Le sue parole hanno un peso che riesco a malapena a comprendere. Un Alpha, un leader. Ha senso, vista la sua presenza imponente. Ma cosa significa questo per noi? E perché ci ha aiutato?

"Derek..." ripeto, assaporando il nome sulla mia lingua, cercando di capire l'uomo dietro la bestia. "Grazie per averci salvato. So che non hai motivo di fidarti di me, ma sono disposta a fare qualsiasi cosa per dimostrarti che non sono una minaccia."

Finalmente si gira a guardarmi, i suoi occhi brillano di un'intensa ferocia.

"Gli umani lo dicono sempre. Le parole sono facili, ma sono le azioni che contano. Vediamo se riesci a mantenere quella promessa, Siena", dice, la sua voce ferma e piena di sospetto.

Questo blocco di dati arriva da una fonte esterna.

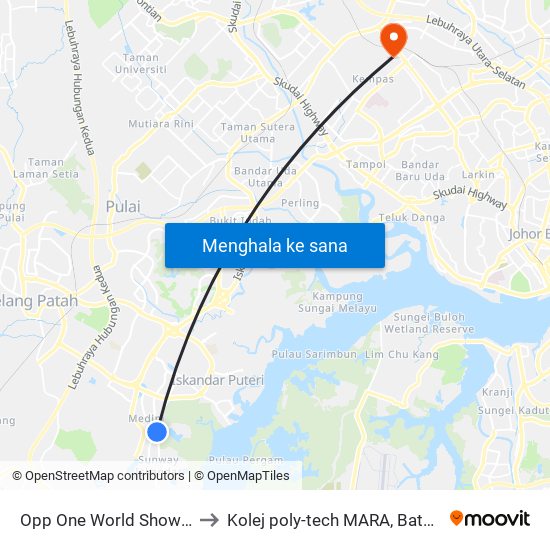 Opp One World Showroom to Kolej poly-tech MARA, Batu pahat map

Deglutisco a fatica mentre sento il mio nome lasciare le sue labbra. Come faceva a saperlo? La mia mente era in subbuglio, ma prima che potessi chiedere, si era già voltato e stava continuando a camminare.

Accelero il passo per raggiungerlo, sentendo l'urgenza di ottenere risposte.

"Ehi, come fai a sapere il mio nome? Non te l'ho detto", chiedo, la mia voce intrisa di curiosità e sospetto.

Si ferma e si gira lentamente, i suoi occhi intensi si bloccano nei miei. C'è una silenziosa valutazione lì, come se stesse decidendo se sono degna di una risposta. Alla fine, indica il mio zaino appeso al mio fianco.

"È scritto lì. Siena. Non è il tuo nome?" dice, la sua voce fredda e diretta.

Abbasso lo sguardo verso il mio zaino e vedo il mio nome ricamato con filo verde, un lavoro che avevo fatto con cura e affetto, una delle poche tracce di identità che mi erano rimaste.

"Oh, sì, Siena è il mio nome", rispondo, provando un misto di sollievo e imbarazzo.

Fa un leggero cenno con la testa e si gira di nuovo, riprendendo il cammino. Cerco di assorbire le informazioni, ma ci sono ancora così tante domande senza risposta. La radura che finalmente raggiungiamo rivela una piccola cabina di legno, semplice ma accogliente, circondata dalla natura.

"Questa sarà la vostra casa per ora. State lontane dai confini della foresta e non cercate di andarvene senza permesso. Abbiamo occhi ovunque", avverte Derek, indicando la baita.

Annuisco, cercando di mostrare la mia gratitudine e comprensione.

"Capito. Grazie, Derek", dico, cercando di trasmettere la mia sincerità.

Lui annuisce e se ne va, scomparendo tra gli alberi come se non fosse mai stato qui. Il silenzio della foresta sembra quasi soffocante dopo la sua partenza.

Entriamo nella baita e io esamino il posto. È semplice, ma offre il minimo di comfort e sicurezza di cui abbiamo bisogno. Appoggio Jasmine sul pavimento e lei inizia a esplorare con curiosità lo spazio.

"Siamo al sicuro per ora, piccola", dico, più per convincere me stessa che per rassicurarla.

Mentre disfo i nostri pochi averi, la mia mente continua a tornare a Derek. Chi è veramente? E perché ci ha aiutato? Ci sono così tante domande senza risposta.

La paura e l'incertezza continuano a perseguitarmi, ma sento anche un barlume di speranza. Forse, solo forse, abbiamo trovato un posto dove possiamo finalmente essere protette. Ma il tempo dirà se Derek è la nostra salvezza o un nuovo pericolo.